Education is also a tricky issue for Bush. He's confronted serious criticism from conservatives over his support for Common Core school standards, which don't recognize popular social conservative homeschooling history classes about Jesus riding dinosaurs, etc. On education, Bush tried to emphasize other, non-Common Core elements of the so-called reform agenda, like the importance of standardized testing and crushing teachers' unions. (He also threw in some nationalistic bluster about the need for "civics education" to return front and center to the classroom. That means you're on the chopping-block, radical leftist new AP History textbook.) But after all the emphasis about how he, if he runs, wants to keep pushing his education reform agenda, he's very hesitant to suggest that the federal government should even be involved in education. "We're not going to create a national school board," he emphasized. How does he intend to achieve his education goals as the top federal officeholder if he's too timid about wielding federal power to affect broad education policy?

On social insurance: Social Security and Medicare cuts are on the way. He supports gradually raising the retirement age for Social Security, for the benefit of our grandchildren, blah blah blah. The old people in attendance cheered, because of course they're not going to lose a penny of the benefits they've been promised.
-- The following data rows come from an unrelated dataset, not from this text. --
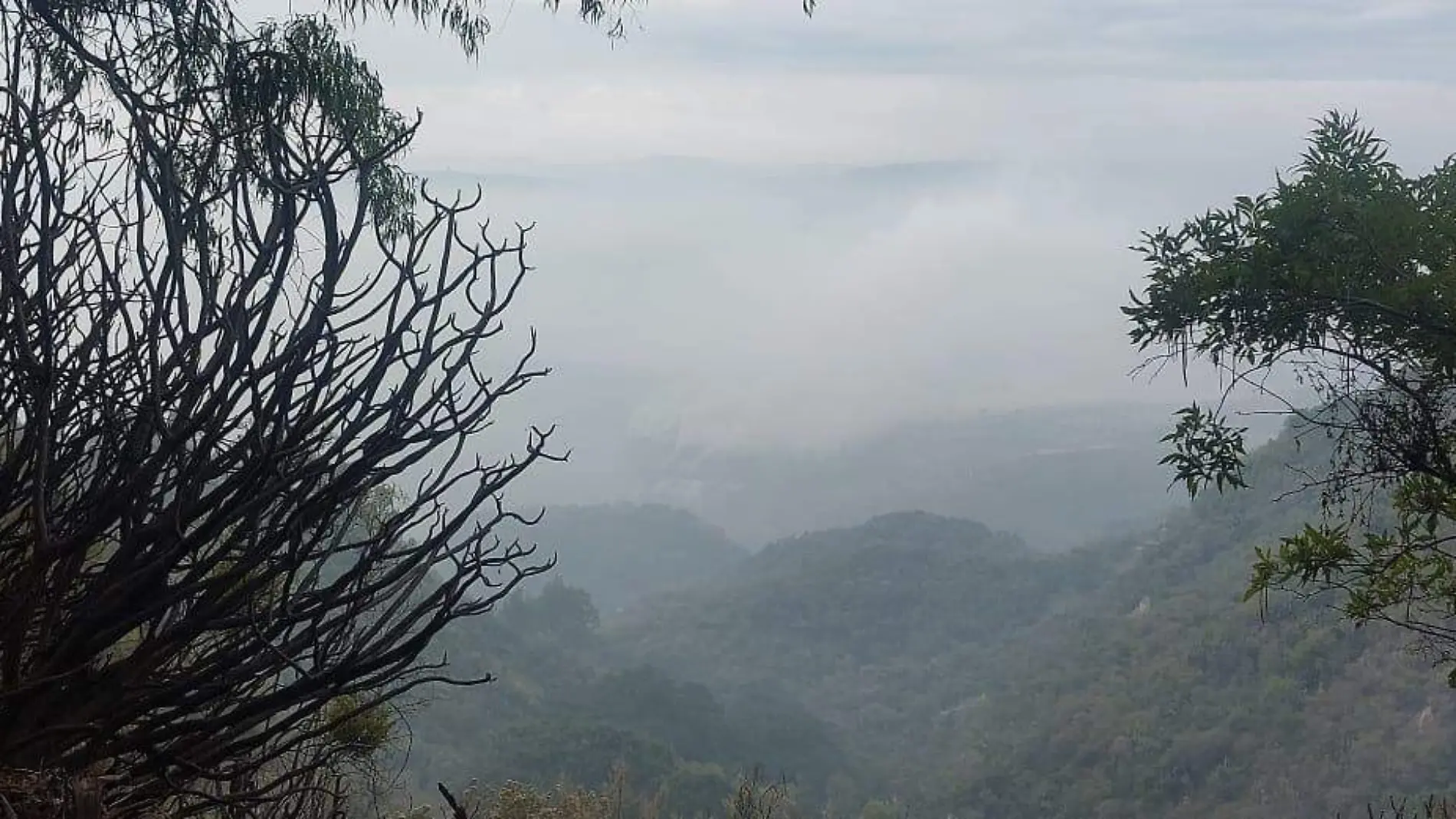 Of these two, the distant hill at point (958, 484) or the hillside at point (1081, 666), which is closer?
the hillside at point (1081, 666)

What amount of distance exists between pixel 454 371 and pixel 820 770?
35.6 meters

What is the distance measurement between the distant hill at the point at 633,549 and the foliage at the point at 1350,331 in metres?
67.3

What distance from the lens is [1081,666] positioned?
126 feet

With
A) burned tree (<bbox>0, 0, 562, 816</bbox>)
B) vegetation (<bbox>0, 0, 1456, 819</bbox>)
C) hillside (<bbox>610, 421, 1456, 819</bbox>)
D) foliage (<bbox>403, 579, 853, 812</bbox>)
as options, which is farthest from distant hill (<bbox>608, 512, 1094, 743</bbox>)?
burned tree (<bbox>0, 0, 562, 816</bbox>)

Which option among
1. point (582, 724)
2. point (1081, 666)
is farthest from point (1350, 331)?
point (1081, 666)

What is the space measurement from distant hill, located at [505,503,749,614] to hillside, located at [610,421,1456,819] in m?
11.9

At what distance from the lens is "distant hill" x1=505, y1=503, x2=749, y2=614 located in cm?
7712

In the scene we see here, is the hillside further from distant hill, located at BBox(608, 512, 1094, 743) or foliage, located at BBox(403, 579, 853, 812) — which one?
foliage, located at BBox(403, 579, 853, 812)

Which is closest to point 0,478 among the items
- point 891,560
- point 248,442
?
point 248,442

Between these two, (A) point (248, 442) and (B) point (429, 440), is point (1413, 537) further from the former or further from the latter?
(A) point (248, 442)

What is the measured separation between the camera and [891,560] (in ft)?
198

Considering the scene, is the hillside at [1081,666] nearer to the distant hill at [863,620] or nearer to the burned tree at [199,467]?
the distant hill at [863,620]

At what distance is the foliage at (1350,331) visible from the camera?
421cm

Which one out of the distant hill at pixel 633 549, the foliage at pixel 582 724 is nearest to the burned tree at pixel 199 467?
the foliage at pixel 582 724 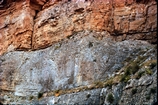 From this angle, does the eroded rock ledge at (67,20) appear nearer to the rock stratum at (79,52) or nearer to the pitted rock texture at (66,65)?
the rock stratum at (79,52)

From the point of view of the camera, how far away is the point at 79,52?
28.8 metres

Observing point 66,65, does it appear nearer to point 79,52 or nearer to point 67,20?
point 79,52

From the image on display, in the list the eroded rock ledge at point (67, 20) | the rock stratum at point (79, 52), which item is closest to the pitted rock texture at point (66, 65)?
the rock stratum at point (79, 52)

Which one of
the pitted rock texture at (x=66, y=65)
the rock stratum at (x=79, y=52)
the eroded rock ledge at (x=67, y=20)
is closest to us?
the rock stratum at (x=79, y=52)

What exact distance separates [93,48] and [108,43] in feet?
4.77

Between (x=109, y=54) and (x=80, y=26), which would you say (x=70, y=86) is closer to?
(x=109, y=54)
Their grandchildren, whose financial security they care so deeply about, are the ones who will see their benefits slashed.

In a press gaggle afterwords I tried to ask Bush if he supported Chris Christie's plan to aggressively means-test the program, and thus end it as a universal program. Sadly, I was outshouted with questions about whether the country is "ready for a woman president," and whether he feels as though Marco Rubio has "stabbed him in the back." I will try better and louder, later, for good of the country.


By Jim Newell

Jim Newell covers politics and media for Salon.